**Work instruction:**
Copy exactly, and only, the lines between the start of the entries below and the line containing "металлические рампы at", both inclusive. Omit pictures.
[[ Records for the exercise, beginning ]]
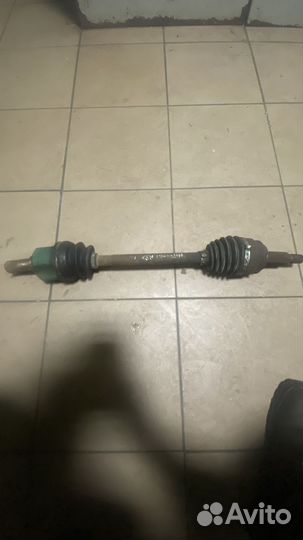 Привод передний левый мицубиси аsx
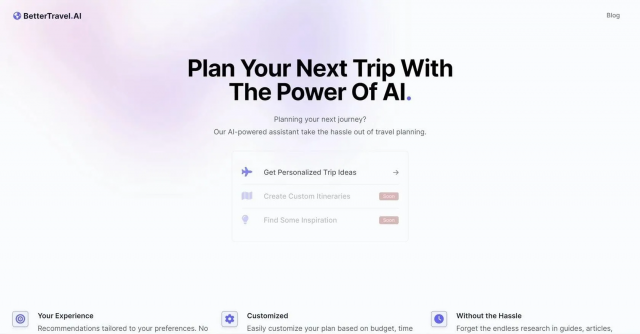 BetterTravel AI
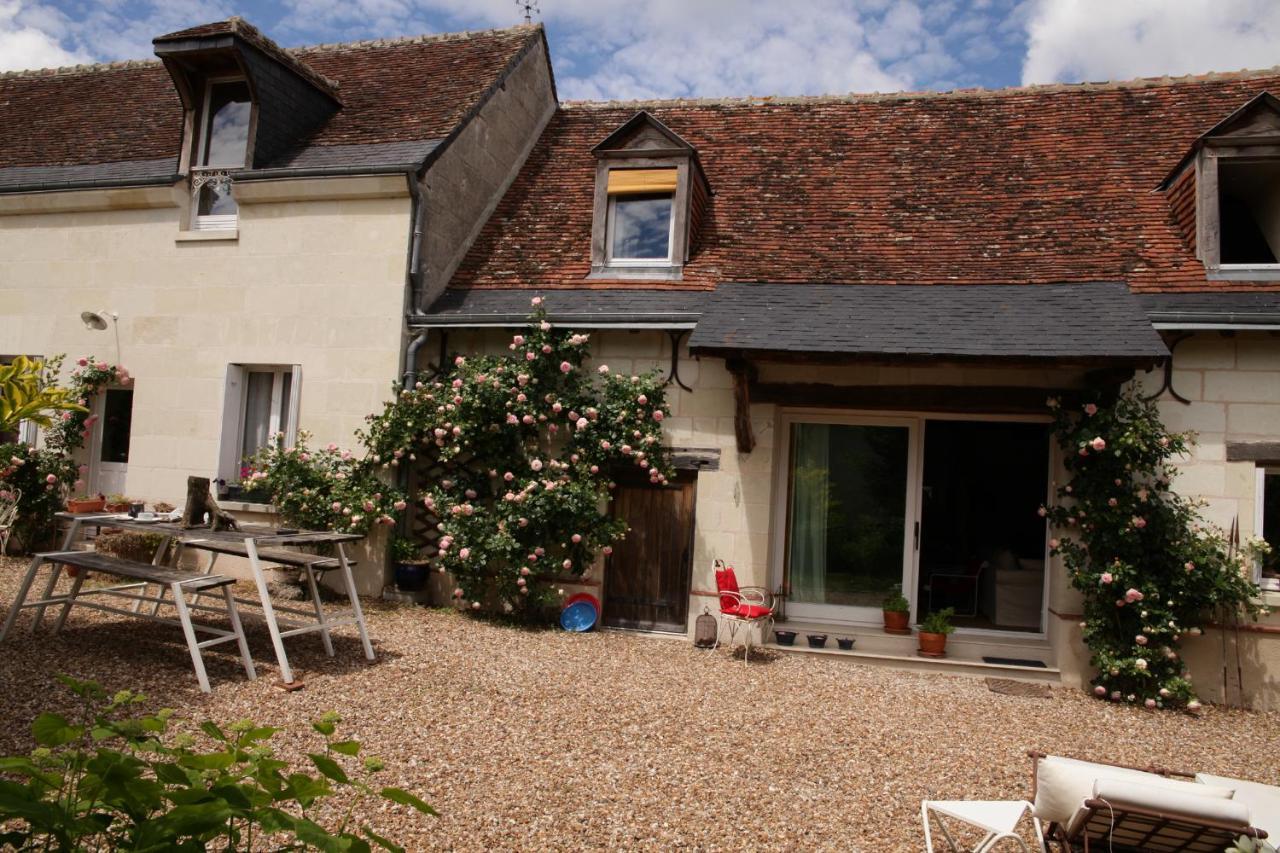 Une Maison, Un Jardin Berthenay Eksteriør bilde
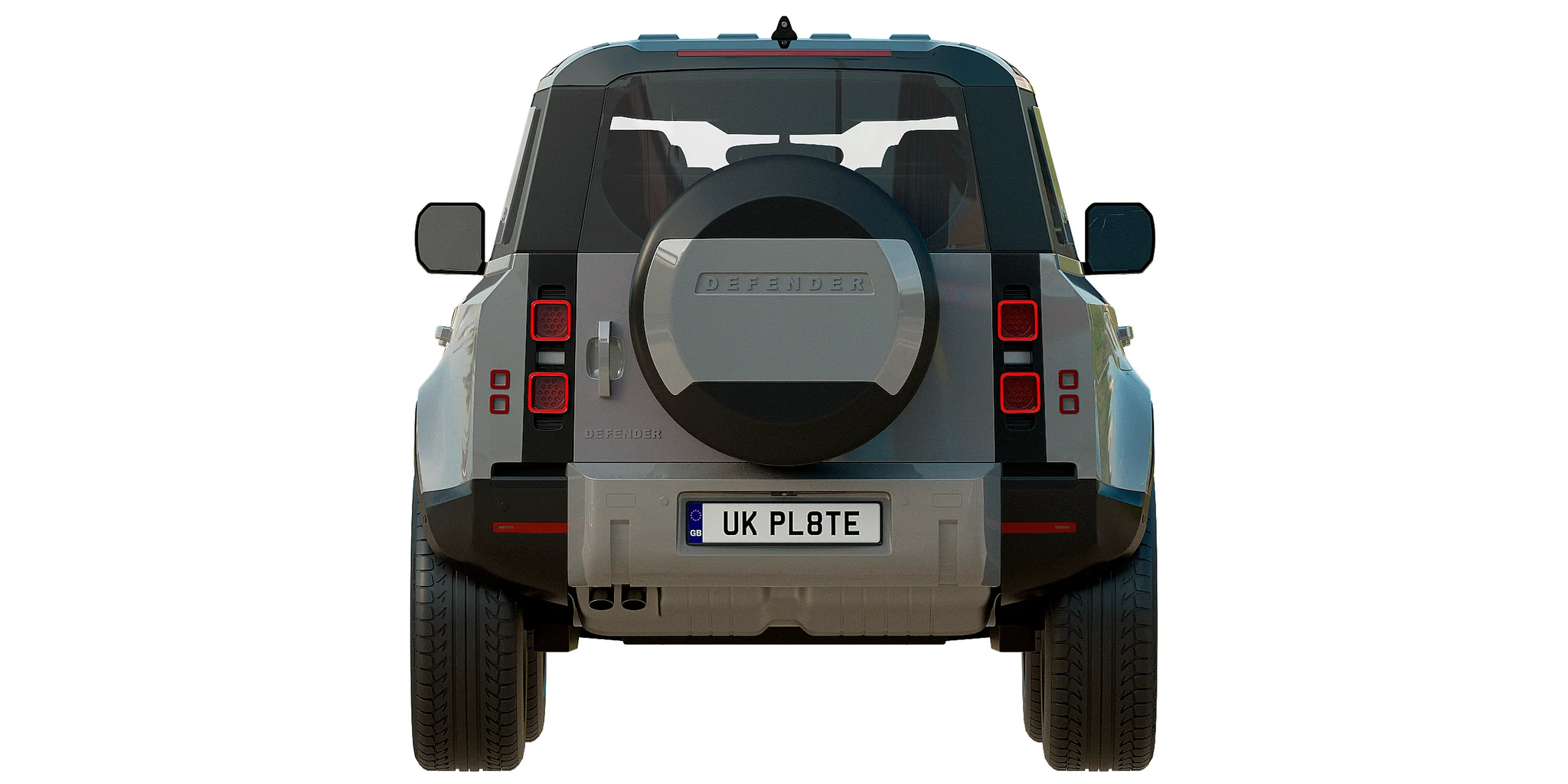 Land Rover Defender, 3D model preview 13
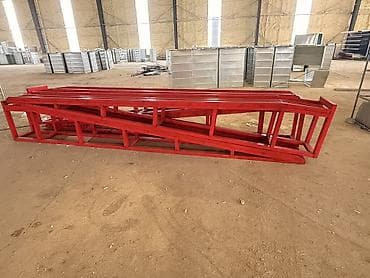 🔥 Заездные рампы для эвакуатора и лафета Прочные металлические рампы at lalafo.kg 🔥 Заездные рампы для эвакуатора и лафета Прочные металлические рампы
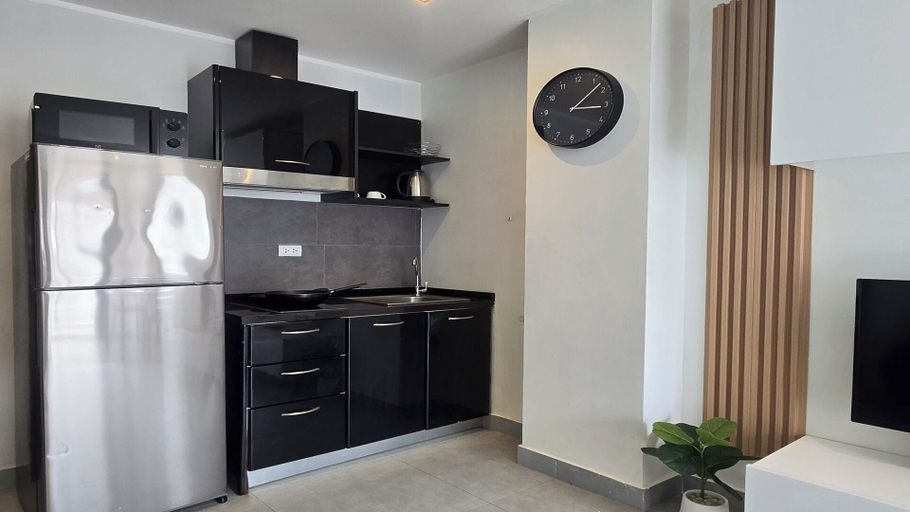 Private kitchen 4, Island Escape 1BR T1-206, Pulau Phuket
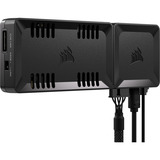 Corsair COMMANDER DUO ARGB / iCUE LINK Hybrid, Control del ventilador negro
[[ Records for the exercise, end ]]
**Written solution:**
 Привод передний левый мицубиси аsx
 BetterTravel AI
 Une Maison, Un Jardin Berthenay Eksteriør bilde
 Land Rover Defender, 3D model preview 13
 🔥 Заездные рампы для эвакуатора и лафета Прочные металлические рампы at lalafo.kg 🔥 Заездные рампы для эвакуатора и лафета Прочные металлические рампы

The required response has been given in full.